This study responds to this gap by interrogating how substrate-informed grammatical features function not merely as contact-induced structures but as socially meaningful acts through which Anglophone Cameroonians position themselves within local and national imaginaries. In doing so, it seeks to reframe substrate grammar from a marginal linguistic residue to a central site of identity construction, social negotiation, and agency.
Research Questions
Three interrelated research questions guide the study and are framed as follows:
1) What are the key morphosyntactic features of Cameroon English that reflect substrate language influence, and how are these structures grammatically integrated into the variety?
2) What social meanings do these grammatical features carry in Anglophone Cameroonian communities, and how do speakers interpret their use in different contexts?
3. How do speakers strategically deploy grammatical variation to accomplish pragmatic goals — indexing identity, negotiating relationships, and managing shifting social situations?
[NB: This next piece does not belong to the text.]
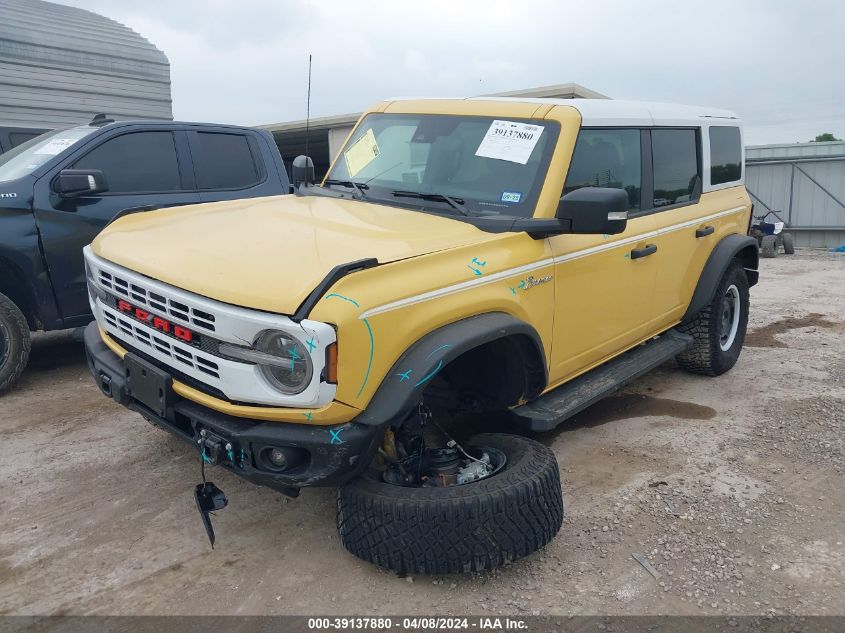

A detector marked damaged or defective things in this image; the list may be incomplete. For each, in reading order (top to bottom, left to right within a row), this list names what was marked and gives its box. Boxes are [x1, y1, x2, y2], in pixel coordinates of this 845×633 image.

The three questions are designed to build cumulatively on one another. The first establishes the empirical and structural foundation: without a systematic account of which features are present and how they are grammatically integrated, claims about social meaning lack an adequate object of analysis. The second question shifts the frame from structure to significance, treating the same grammatical features as social resources whose meaning is not inherent but produced through speakers’ interpretive practices and metalinguistic awareness. The third question moves from meaning to agency, examining how speakers actually exploit these resources in real-time interaction to accomplish relational, institutional, and identity-related goals. Together, the three questions position grammatical variation not as an autonomous system to be described in isolation, but as a form of social practice whose full significance can only be understood by attending simultaneously to its structural properties, its social meanings, and the strategic intelligence with which speakers deploy it.
METHODOLOGY
The study combines linguistic ethnography with distributional analysis of a large naturalistic corpus, drawing on three complementary data sources to triangulate across different types of evidence. Qualitative analysis of interactional episodes and metalinguistic commentary provides the primary interpretive lens, whilst frequency-based examination of grammatical features across the corpus provides a distributional background against which individual cases can be understood. This integration of ethnographic depth and corpus breadth follows the mixed-method approach to language variation advocated by Sharma and Rampton (2021), who argue that the social meaning of lectal features can only be fully understood by attending simultaneously to patterns of distribution and to the moment-by-moment interactional work those features accomplish.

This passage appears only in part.